While package managers control for your packages and their dependencies, they don’t control the entire OS, which can affect portability. Containers solve this, and additionally have a higher level of isolation, making the decoupling from other environments easier. Working with and understanding containers generally have a higher barrier of entry compare to package managers, but are much more powerful once you do. Indeed, once you’ve started working with them and feel more comfortable with them, they can actually be easier to work with, compared to package managers.

Your workflow

The word “workflow” here means “what you do, in what order, with what data”. So, what code are you running, in which environments, with which input data. This can be solved with clear documentation (e.g. listing which scripts are run in which order) or by using workflow managers.

Workflow managers

While workflow managers can have a similarly high barrier of entry as for containers, they can also greatly facilitate iteration and exploration during a project’s lifetime, as they remove all manual work related to running scripts with the correct inputs, parameters, and so on. Workflow managers are not only useful for large, generalised production-level pipelines (such as those available at nf-core), but can also be used for more bespoke work.

One great feature that workflow managers have is that they make environment control a lot simpler, as each individual step in the workflow can have a separate environment. This means fewer issues with package incompatibilities and simpler dependency management overall. The two most common workflow managers for bioinformatics, Nextflow and Snakemake, allow for using both Conda and containers.

Where should you start?

If you don’t work reproducibly today, or feel you are behind in some areas, it can feel like a huge undertaking to even get started. Instead of feeling bad, try instead to remember that reproducibility is not binary, and every little step you take is a step in the right direction. Start with seeing where you have the most to gain: for example, if you don’t use Git, that’s definitely a great place to start. If you’ve already organised your projects and are using Git but are missing environment control, start with Conda. Maybe you already use Quarto or Jupyter for notebooks, but you want to combine it with a workflow manager.

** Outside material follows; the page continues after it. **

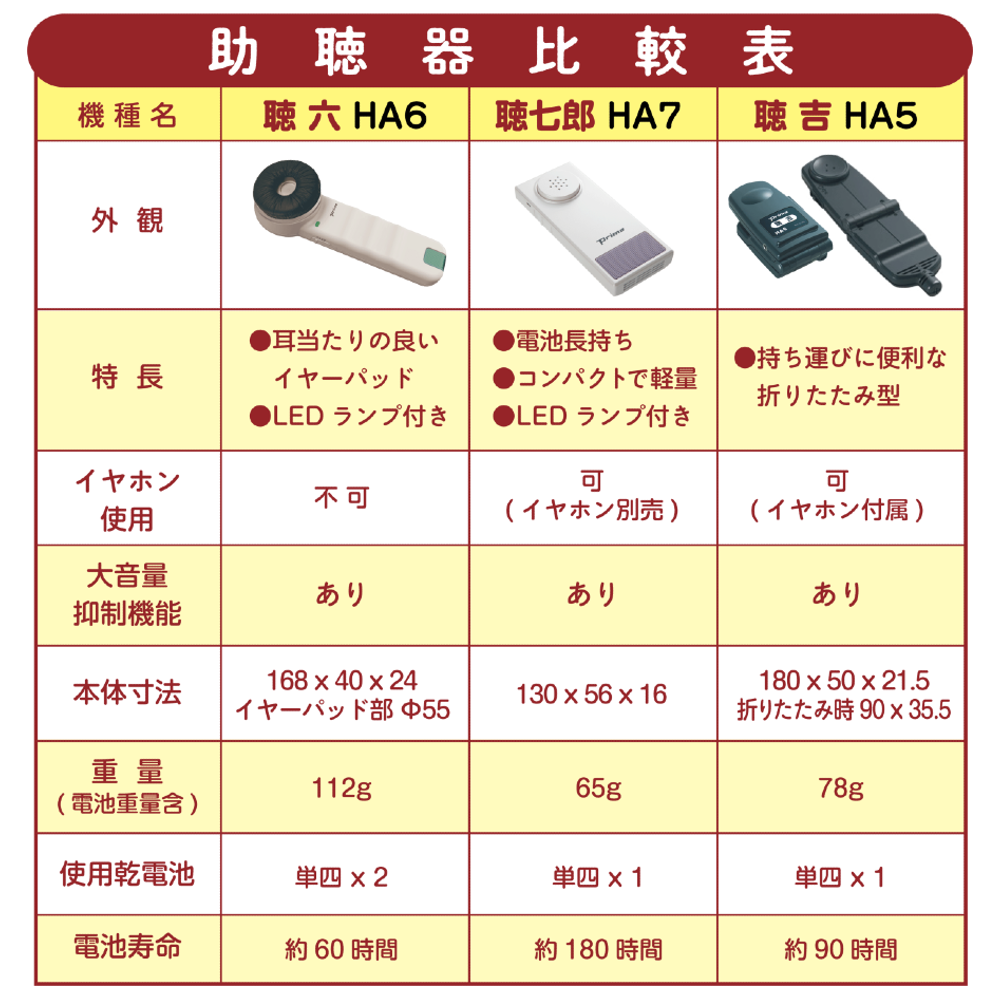 【極美品】聴六 ちょうろく HA6（助聴器） 極美品】聴六 ちょうろく HA6（助聴器） 聴六 (HA6) | PRIMO's STORE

It matters less where you currently are, and more where you want to go. Take one thing at a time if it feels daunting, or dive deep and learn all the tools you want in one go and incorporate them all into your daily work - it’s all up to you.

Don’t be afraid to experiment

There are quite a few tools and solutions that can help solve each of the three parts of reproducibility, and it can be hard to know which tool or solution is the best for you. Try them all out and experience them for yourself, and find the one that you prefer.

Sometimes one tool neatly fits into how you are currently working, and that can make the decision to pick that tool over another easy. Other times you may find that no tool fits your current way or working, and you will have to adapt - if you’re lucky, you’ll find a new way of working that you actually prefer over how you did it before! Don’t be afraid to experiment and take your pick of everything you learn.

There is great value in seeing what others do, which tools they choose and how they use them, etc. This shows you what you could do, if you want, but it’s important to remember that not every solution a colleague is using may fit you directly. Instead, try to see what others are doing, but adapt that to your own needs as necessary.

Make it your own

The way you work is your own, and you can make many of the tools work the way you prefer. Make a file with your most commonly used Git aliases, explore new VSCode extensions that could give you cool new editing options, create a GitHub template repository for your projects, start a dotfiles repository to store all your configs in… Your way of working doesn’t need to be set in stone, but can evolve along with you and the new tools that are bound to come along.